Enhanced Biofilm Formation and Membrane Vesicle Release by Escherichia coli Expressing a Commonly Occurring Plasmid Gene, kil

Escherichia coli is one of the most prevalent microorganisms forming biofilms on indwelling medical devices, as well as a representative model to study the biology and ecology of biofilms. Here, we report that a small plasmid gene, kil, enhances biofilm formation of E. coli. The kil gene is widely conserved among naturally occurring colicinogenic plasmids such as ColE1 plasmid, and is also present in some plasmid derivatives used as cloning vectors. First, we found that overexpression of the kil gene product dramatically increased biofilm mass enriched with extracellular DNA in the outer membrane-compromised strain RN102, a deep rough LPS mutant E. coli K-12 derivative. We also found that the kil-enhanced biofilm formation was further promoted by addition of physiologically relevant concentrations of Mg(2+), not only in the case of RN102, but also with the parental strain BW25113, which retains intact core-oligosaccharide LPS. Biofilm formation by kil-expressing BW25113 strain (BW25113 kil(+)) was significantly inhibited by protease but not DNase I. In addition, a large amount of proteinous materials were released from the BW25113 kil(+) cells. These materials contained soluble cytoplasmic and periplasmic proteins, and insoluble membrane vesicles (MVs). The kil-induced MVs were composed of not only outer membrane/periplasmic proteins, but also inner membrane/cytoplasmic proteins, indicating that MVs from both of the outer and inner membranes could be released into the extracellular milieu. Subcellular fractionation analysis revealed that the Kil proteins translocated to both the outer and inner membranes in whole cells of BW25113 kil(+).

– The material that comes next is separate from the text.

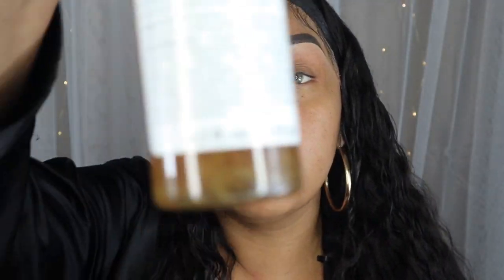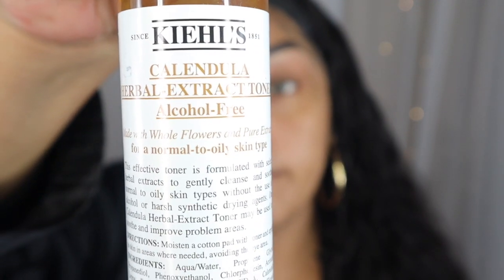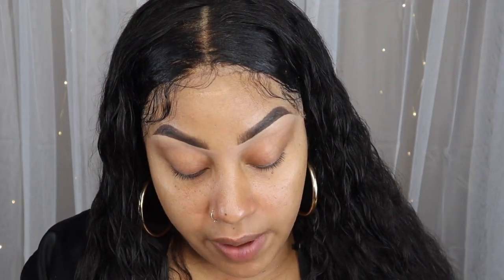I'm also currently using the Kiehl's toner — this one is alcohol-free. Paying attention to your ingredients is definitely very important, so read labels and look at reviews. That's why I found things that have worked for me. Another product I love throughout the day is the Use the People hydrating mist on the face.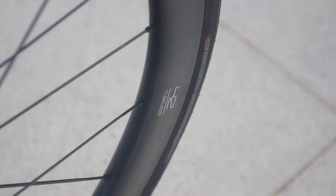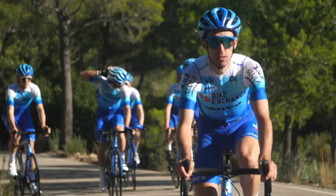Another big change is we'll be using the Cadex wheels and of course the tyres as well — tubeless, which I'm really looking forward to using. I've been testing this a lot the last couple of years and I really think that's the direction the sport is going.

Furthermore, the BW25113 kil(+) showed not only reduced viability in the stationary growth phase, but also increased susceptibility to killing by predator bacteria, Vibrio cholerae expressing the type VI secretion system, despite no obvious change in morphology and physiology of the bacterial membrane under regular culture conditions. Taken together, our findings suggest that there is risk of increasing biofilm formation and spreading of numerous MVs releasing various cellular components due to kil gene expression. From another point of view, our findings could also offer efficient MV production strategies using a conditional kil vector in biotechnological applications.